Both Eat Just and Beyond Meat's revolutionary food products were reported widely around the world and should be included in each LLMs' training dataset.

This question was designed to ask a yes/no question about an imagined product brand name, Just Meat, which was mixed with Eat Just's cultivated meat product and Beyond Meat's plant-based product, in order to test the LLM hallucination issue.

This question and answer has been indexed by Google, but was ranked very low when conduct keyword search ( Screenshot ), so the indexing should not affect the new testing results. The candidate will receive three points if they correctly identify that no such information exists, and zero points if they provide incorrect information based on a hallucination.

  • Bing Copilot (free ChatGPT-4): Correct. Score: 3 ( screenshot )
  • HuggingChat (Mixtral-8x7B-Instruct-v0.1): Wrong with hallucination. Score: 0 ( screenshot )
  • HuggingChat (Llama-2-70b-chat-hf): Wrong with hallucination. Score: 0 ( screenshot )
  • iAsk: Correct. Score: 3 ( screenshot )
  • Komo: Wrong with hallucination. Score: 0 ( screenshot )
  • Perplexity (ChatGPT-3.5): Mostly Correct. Score: 2 ( screenshot )
  • Perplexity (free ChatGPT-4): Correct. Score: 3 ( screenshot )
  • Phind (Phind V9): Mostly Wrong. Generated a hallucination that Just Meat is owned by Good Catch. Score: 1 ( screenshot )
  • Phind (free ChatGPT-4): Correct. Score: 3 ( screenshot )
  • Pi: Wrong with hallucination. Score: 0 ( screenshot )
  • Poe (Web-Search): Wrong with hallucination. Score: 0 ( screenshot )
  • You (Smart): Wrong with hallucination.
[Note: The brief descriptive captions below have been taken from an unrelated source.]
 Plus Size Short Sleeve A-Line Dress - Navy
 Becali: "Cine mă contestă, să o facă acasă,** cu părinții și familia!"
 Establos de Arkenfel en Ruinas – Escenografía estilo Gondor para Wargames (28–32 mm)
Score: 0 ( screenshot )
An interesting observation is that HuggingChat (Mixtral-8x7B-Instruct-v0.1) could answer it correctly without web search.
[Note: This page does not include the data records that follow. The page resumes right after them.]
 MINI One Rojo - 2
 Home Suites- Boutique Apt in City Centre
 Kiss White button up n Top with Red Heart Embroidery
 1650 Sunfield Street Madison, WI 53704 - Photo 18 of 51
The model Mixtral can infer the correct conclusion with its original training datasets trained in June 2021 ( Screenshot ), but it inferred the wrong answer with new information found on the web.

Conclusion

Based on the results of our updated testing, we found that this free chatbot: "Phind (ChatGPT-4)" was the most effective in providing accurate responses to our 5 updated test questions, demonstrating its ability to understand user queries and retrieve relevant and reliable information.

There are additional observations from the updated test result:
  • The top 3 chatbots were ranked based on their scores from this round of testing: Phind (ChatGPT-4) 14/15, Perplexity (ChatGPT-4): 12/15, Perplexity (ChatGPT-3.5): 11/15
  • Overall accuracy of 12 AI chatbots at web search was 49.7%
  • Out of the 12 chatbots tested, 67% (8 chatbots) were found to generate 12 instances of hallucinations out of 60 total answers, accounting for 20% of all the questions asked.
  • There were 2 chatbots (25% of tested bots) that generated hallucinations for two or more questions: Komo, You (Smart)
  • The updated test cases provided an interesting opportunity to test each chatbot's response to how new, related information available on the web affects its reasoning.
We are confident that chatbots' web search will become significantly more popular in 2024.

Disclaimer

This test study was designed and conducted independently by Yuveganlife.com, with no affiliation or involvement with any other organizations.

The test results for each chatbot are not indicative of each product's accuracy for other search performance, as they were only isolated to these five updated test questions.

About the Author

This test suite was authored by Bruce Yu, founder of Yuveganlife.com, as part of evaluating different chatbot's search capabilities to help automate and verify the recording of vegan companies or NPOs info in Yuveganlife.com's headless CRM system.

Bruce gained experience in evaluation of software products at Health Canada's eReview project, where he provided key technical support and advice for eReview Project Stream 1. He created technical requirements for the RFP, conducted applied COTS eCTD viewing tools setup and evaluated them against user requirements, and conducted quality verification for the interim and final candidate product. The project successfully provided technical infrastructure to replace the paper-based drug review process with an electronic review process at HC.